◆ **INPUT**:
======
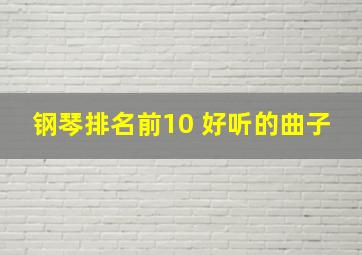 钢琴排名前10 好听的曲子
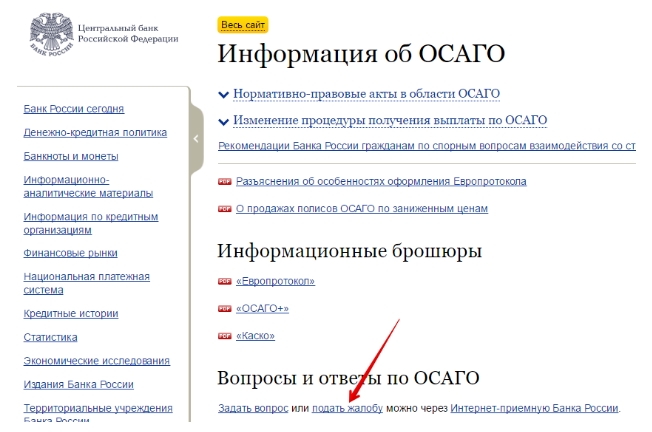 Подача жалобы на неправильный КБМ в Центробанк РФ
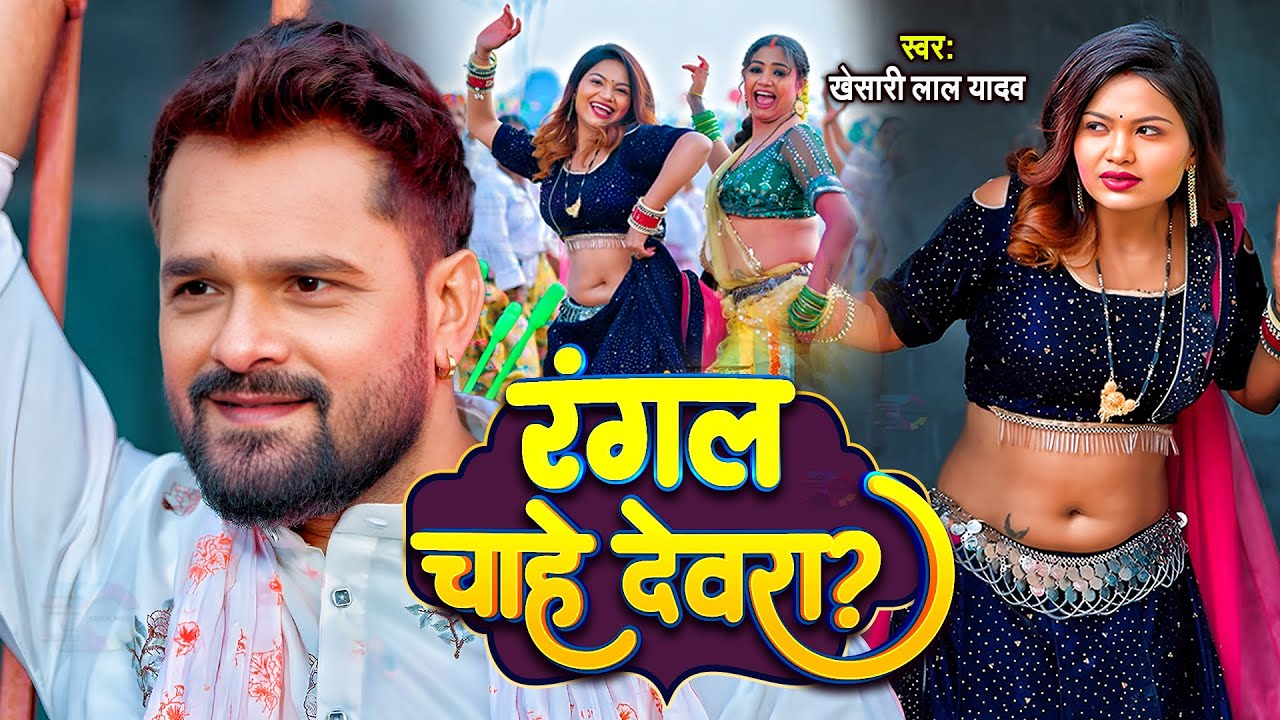 #Video | Khesari Lal Yadav का होली का नया धमाका | रंगल चाहे देवरा | Rangl Chahe | New Holi Song 2026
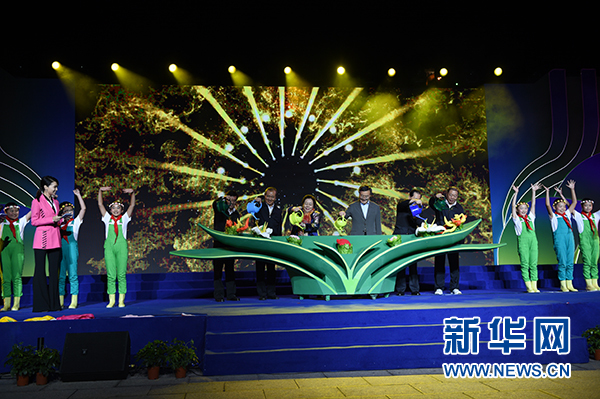 北京世界園藝博覽會會徽吉祥物發(fā)布會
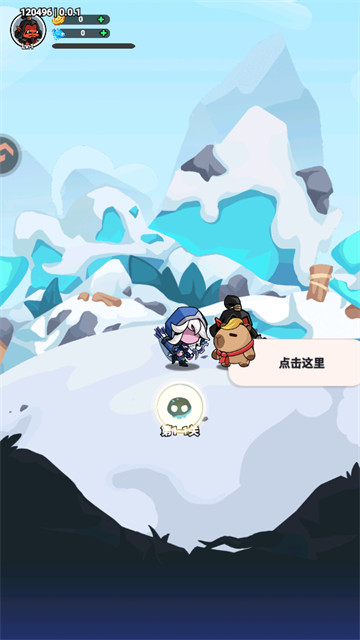 逃离塔底手机版 逃离塔底手机版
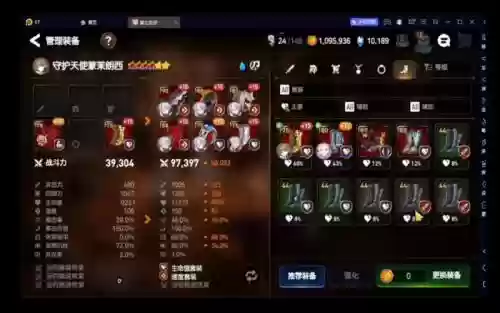 第七史诗装备70级项链属性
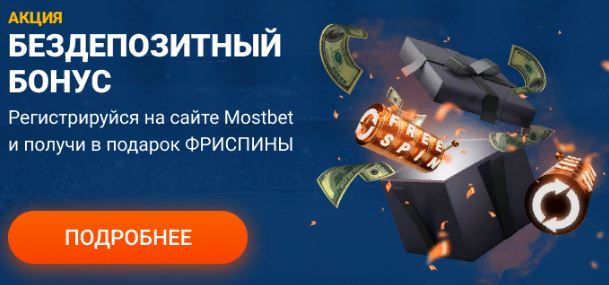 Mostbet фрибет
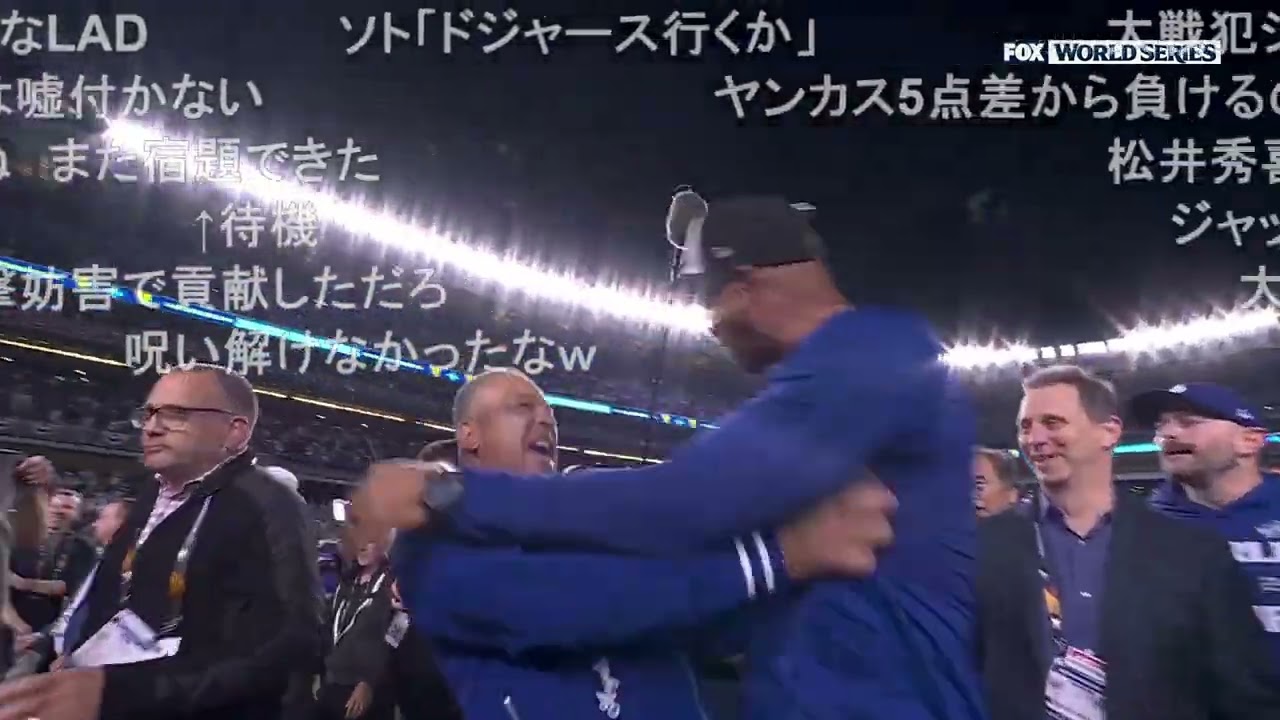 ドジャース】ワールドシリーズ制覇！2024年10月31日 - YouTube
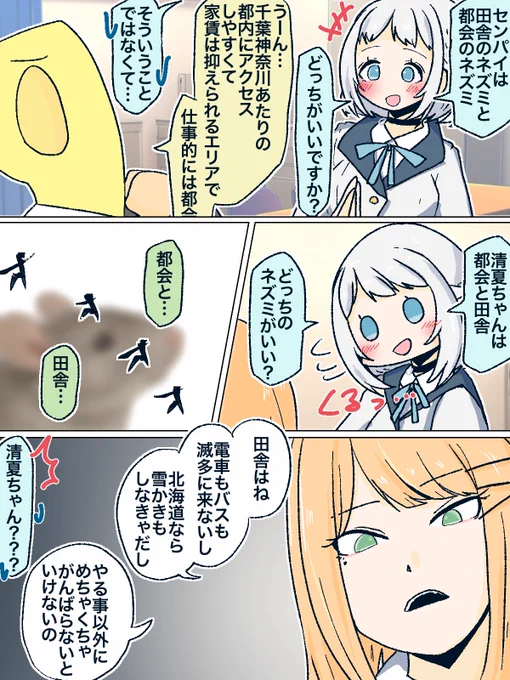 リーリヤ『田舎のネズミと都会のネズミ、どっちがいいですか?』🐀 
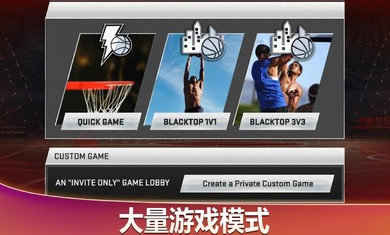 nba2k20豪华存档版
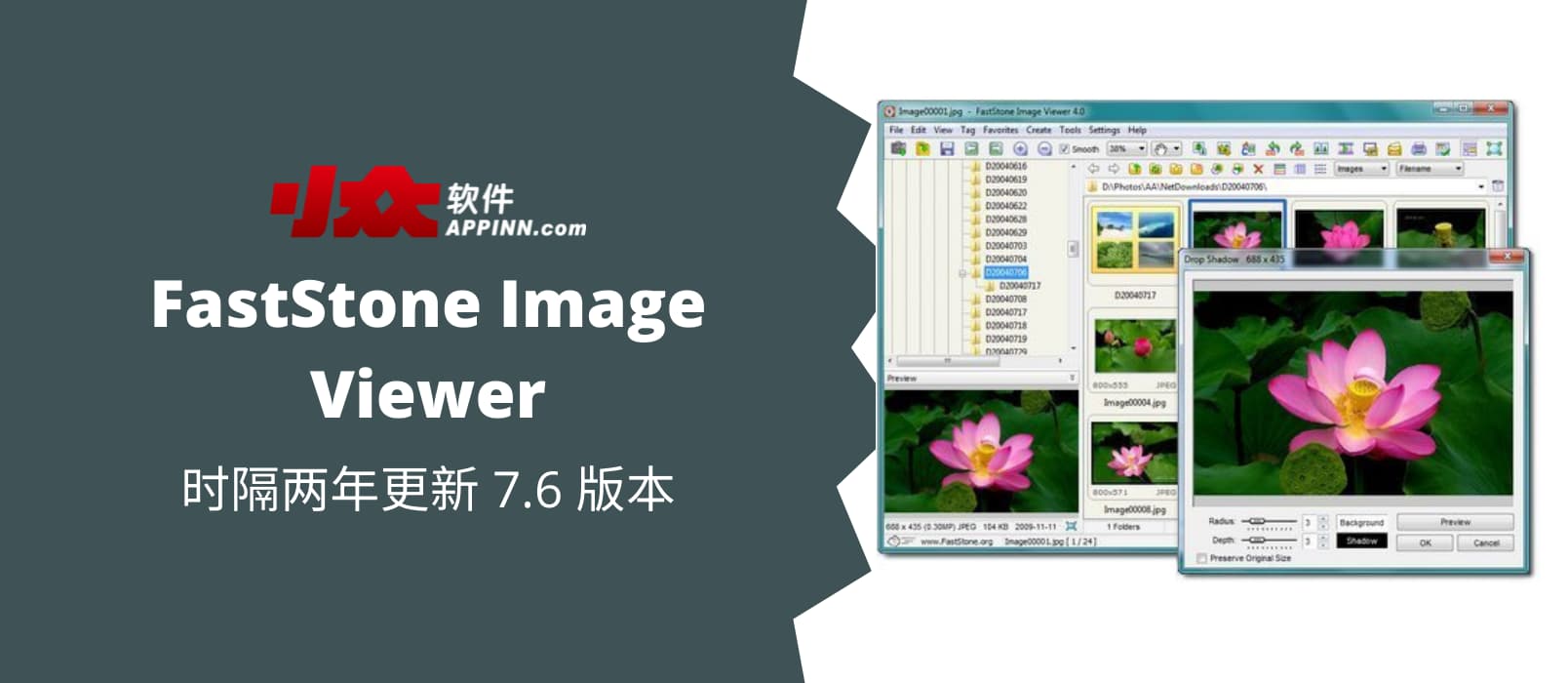 FastStone Image Viewer 时隔两年更新 7.6 版本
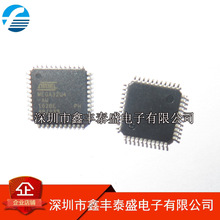  ATMEGA32U4-AU MEGA32U4-AU QFP-44 ȫԭb һվʽBOM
======
◆ **WHAT IS NEEDED**:
Starting at the line where "FastStone Image Viewer 时隔两年更新 7.6 版本" appears, restate every line through the end of the records above exactly, but omit the pictures.

◆ **EXERCISE RESULT**:
 FastStone Image Viewer 时隔两年更新 7.6 版本
  ATMEGA32U4-AU MEGA32U4-AU QFP-44 ȫԭb һվʽBOM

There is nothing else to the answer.